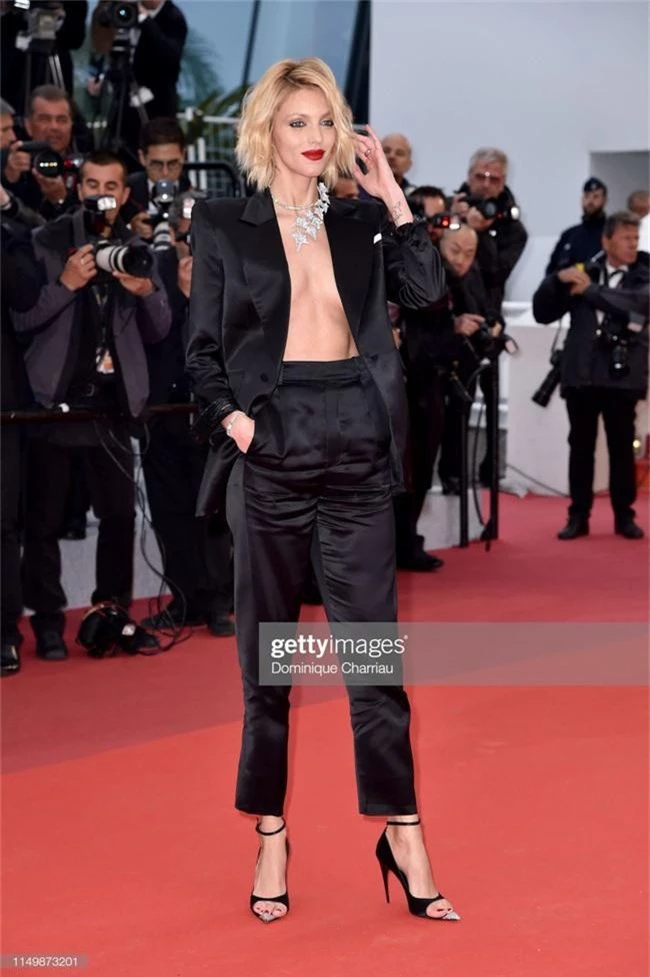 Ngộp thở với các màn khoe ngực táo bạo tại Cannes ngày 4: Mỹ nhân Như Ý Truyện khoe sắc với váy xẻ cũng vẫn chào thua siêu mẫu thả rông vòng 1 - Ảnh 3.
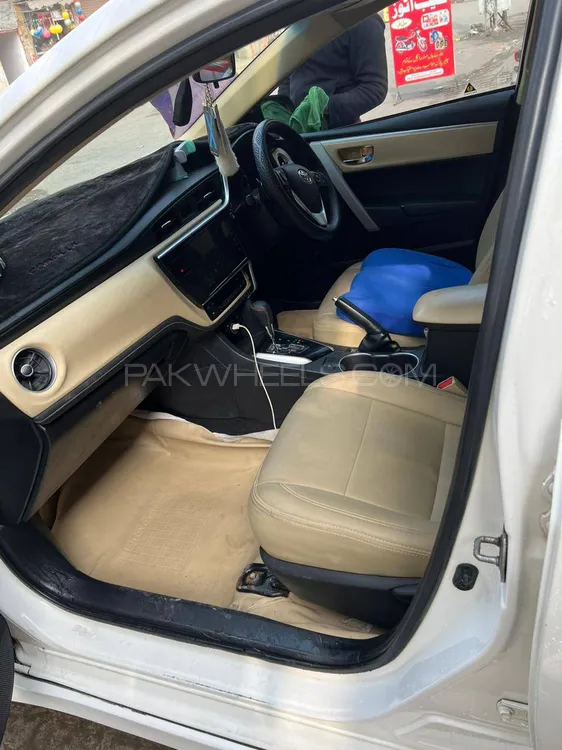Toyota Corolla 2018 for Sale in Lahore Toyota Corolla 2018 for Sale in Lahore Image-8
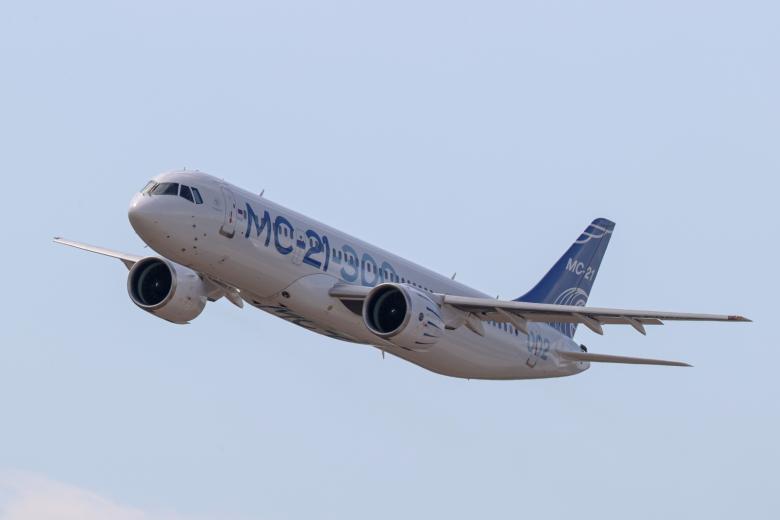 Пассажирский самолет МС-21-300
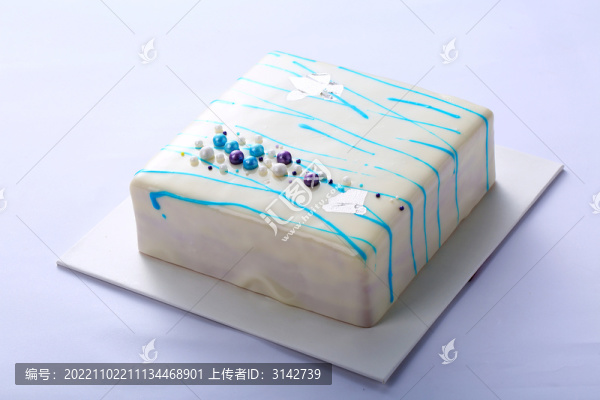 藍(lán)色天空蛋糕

> **TASK GOAL**: Would you return the data exactly as written, without the pictures?

> **EXPECTED ANSWER**:
 Ngộp thở với các màn khoe ngực táo bạo tại Cannes ngày 4: Mỹ nhân Như Ý Truyện khoe sắc với váy xẻ cũng vẫn chào thua siêu mẫu thả rông vòng 1 - Ảnh 3.
Toyota Corolla 2018 for Sale in Lahore Toyota Corolla 2018 for Sale in Lahore Image-8
 Пассажирский самолет МС-21-300
 藍(lán)色天空蛋糕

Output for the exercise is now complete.